The next test used to determine which statistical methods would be appropriate for this study is the f-test for equality of variances. Variance is defined as the average of the squared deviations from the mean, or the square of the standard deviation. Therefore, the variance is a measure of statistical dispersion from the sample mean and portrays the degree of distribution. The f-test measures whether the variances from two samples are statistically equal or unequal. The null hypothesis in this test states that the variances of the two normally distributed samples are equal and, therefore, comparable. The alternate hypothesis states that the variances are unequal. If the null hypothesis is accepted, t-tests for equal variances and Analysis of Variance (or ANOVA) are applicable to this study. If the null hypothesis is rejected, t-tests are available to assess the differences in means where the variances are assumed to be unequal. For an ANOVA to be valid, the samples involved must have a normal distribution, have equal variances, and variables must be independent. In this case there is one measurement variable and one nominal (or categorical) value. The purpose of the test is to analyze how much of the variation among the observations is due to variation in each factor (nominal variable) influencing the character (measurement value) being studied. If the F value is greater than the F-critical value, there is a statistically significant difference and the null hypothesis of equal means is rejected.

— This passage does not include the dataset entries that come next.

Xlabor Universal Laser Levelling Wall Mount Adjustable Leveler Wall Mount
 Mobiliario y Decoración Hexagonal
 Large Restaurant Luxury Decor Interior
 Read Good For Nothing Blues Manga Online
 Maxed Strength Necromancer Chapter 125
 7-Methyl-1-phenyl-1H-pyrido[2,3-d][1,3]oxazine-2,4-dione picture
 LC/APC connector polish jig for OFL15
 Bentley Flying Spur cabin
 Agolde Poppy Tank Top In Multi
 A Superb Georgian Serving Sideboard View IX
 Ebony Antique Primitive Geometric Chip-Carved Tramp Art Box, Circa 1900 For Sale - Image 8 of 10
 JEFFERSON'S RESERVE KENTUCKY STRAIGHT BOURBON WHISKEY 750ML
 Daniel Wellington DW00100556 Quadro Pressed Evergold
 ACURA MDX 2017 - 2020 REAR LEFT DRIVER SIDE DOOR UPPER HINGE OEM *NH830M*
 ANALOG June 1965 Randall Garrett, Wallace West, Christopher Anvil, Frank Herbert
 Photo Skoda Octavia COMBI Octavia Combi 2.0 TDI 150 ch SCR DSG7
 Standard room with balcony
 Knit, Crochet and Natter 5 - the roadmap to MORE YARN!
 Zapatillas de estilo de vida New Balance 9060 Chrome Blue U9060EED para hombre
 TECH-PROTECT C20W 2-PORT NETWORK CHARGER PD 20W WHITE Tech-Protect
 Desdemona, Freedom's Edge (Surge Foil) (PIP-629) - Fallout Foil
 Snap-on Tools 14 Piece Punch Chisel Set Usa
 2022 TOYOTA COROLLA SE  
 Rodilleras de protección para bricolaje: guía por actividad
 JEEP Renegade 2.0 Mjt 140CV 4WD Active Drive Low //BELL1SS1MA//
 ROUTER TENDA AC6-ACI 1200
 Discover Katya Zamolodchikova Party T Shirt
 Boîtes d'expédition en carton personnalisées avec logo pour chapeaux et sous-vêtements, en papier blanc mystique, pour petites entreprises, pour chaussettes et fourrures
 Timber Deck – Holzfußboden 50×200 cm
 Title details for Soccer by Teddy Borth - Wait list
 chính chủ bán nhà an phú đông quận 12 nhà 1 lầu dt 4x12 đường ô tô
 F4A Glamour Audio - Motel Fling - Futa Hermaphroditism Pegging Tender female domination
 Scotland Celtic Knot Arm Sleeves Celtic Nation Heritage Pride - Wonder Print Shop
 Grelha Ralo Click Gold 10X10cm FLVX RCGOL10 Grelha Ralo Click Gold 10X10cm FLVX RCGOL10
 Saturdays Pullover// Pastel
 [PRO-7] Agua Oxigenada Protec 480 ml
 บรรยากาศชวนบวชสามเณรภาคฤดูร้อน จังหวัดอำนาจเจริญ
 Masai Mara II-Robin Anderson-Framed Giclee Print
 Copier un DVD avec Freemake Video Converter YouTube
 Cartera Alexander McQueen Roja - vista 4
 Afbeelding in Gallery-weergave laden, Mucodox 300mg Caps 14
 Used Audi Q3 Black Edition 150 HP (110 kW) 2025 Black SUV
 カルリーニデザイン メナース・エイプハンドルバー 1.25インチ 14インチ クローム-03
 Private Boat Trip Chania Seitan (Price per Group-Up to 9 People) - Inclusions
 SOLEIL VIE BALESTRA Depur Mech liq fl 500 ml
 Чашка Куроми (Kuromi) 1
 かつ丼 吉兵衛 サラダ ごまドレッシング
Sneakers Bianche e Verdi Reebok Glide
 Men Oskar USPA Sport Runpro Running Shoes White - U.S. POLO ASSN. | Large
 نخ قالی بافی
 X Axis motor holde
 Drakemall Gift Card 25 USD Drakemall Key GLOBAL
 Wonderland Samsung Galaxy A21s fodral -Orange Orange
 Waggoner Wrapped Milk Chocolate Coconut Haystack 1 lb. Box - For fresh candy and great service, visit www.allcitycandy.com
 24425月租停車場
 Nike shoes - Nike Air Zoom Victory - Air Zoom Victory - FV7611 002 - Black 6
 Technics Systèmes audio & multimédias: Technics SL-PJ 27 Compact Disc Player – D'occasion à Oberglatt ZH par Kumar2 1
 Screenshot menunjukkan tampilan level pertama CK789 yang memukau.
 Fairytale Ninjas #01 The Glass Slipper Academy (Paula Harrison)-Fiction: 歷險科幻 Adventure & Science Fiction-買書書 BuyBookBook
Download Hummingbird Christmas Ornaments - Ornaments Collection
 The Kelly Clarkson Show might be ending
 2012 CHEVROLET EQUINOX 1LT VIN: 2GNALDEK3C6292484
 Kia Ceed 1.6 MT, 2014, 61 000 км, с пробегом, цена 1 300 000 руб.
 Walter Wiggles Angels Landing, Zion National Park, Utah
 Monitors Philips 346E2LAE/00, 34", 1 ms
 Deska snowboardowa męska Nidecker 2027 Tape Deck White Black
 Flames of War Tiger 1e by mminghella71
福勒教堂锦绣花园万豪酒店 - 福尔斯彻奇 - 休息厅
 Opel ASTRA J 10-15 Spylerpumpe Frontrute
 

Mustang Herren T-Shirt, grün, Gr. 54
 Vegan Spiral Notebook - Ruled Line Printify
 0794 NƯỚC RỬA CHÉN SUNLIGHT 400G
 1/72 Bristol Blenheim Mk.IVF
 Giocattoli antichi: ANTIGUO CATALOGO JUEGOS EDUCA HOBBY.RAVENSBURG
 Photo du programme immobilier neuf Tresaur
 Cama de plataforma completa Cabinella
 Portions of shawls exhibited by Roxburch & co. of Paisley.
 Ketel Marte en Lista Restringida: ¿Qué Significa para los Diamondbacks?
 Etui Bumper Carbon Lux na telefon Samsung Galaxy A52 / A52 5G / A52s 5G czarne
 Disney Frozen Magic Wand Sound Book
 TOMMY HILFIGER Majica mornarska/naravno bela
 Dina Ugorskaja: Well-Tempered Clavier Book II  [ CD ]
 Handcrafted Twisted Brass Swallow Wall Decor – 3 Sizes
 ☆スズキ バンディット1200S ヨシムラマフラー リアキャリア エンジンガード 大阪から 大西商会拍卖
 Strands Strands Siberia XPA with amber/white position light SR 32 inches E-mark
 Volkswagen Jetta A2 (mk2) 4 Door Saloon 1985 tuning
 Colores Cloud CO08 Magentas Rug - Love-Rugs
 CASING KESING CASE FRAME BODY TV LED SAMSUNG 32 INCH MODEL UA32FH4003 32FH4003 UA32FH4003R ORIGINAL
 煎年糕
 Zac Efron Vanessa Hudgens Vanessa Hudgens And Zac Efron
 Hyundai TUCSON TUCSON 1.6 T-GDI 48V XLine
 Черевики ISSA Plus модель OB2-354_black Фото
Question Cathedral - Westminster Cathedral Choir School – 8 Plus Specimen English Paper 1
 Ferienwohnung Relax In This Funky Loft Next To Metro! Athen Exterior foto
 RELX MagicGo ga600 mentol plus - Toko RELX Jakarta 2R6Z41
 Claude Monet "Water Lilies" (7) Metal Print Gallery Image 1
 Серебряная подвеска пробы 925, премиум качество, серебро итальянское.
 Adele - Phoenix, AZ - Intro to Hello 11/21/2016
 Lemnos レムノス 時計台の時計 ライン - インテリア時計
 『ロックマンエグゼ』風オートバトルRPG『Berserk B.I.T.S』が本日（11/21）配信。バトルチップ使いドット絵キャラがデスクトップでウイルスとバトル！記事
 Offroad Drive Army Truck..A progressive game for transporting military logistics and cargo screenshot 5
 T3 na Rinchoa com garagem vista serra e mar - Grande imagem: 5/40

In addition to these traditional methods, we also used the modified Levene's test (Levene 1960;
Lewontin 1966;
Schultz 1985;
Plavcan and Cope 2001) to determine whether the variabilities of two samples were significantly different. The modified Levene test uses natural logs to remove effects of relative size then calculates the absolute values of differences between each individual measurement and the median, which can then be analyzed for mean and standard deviation and tested for significance using ANOVA.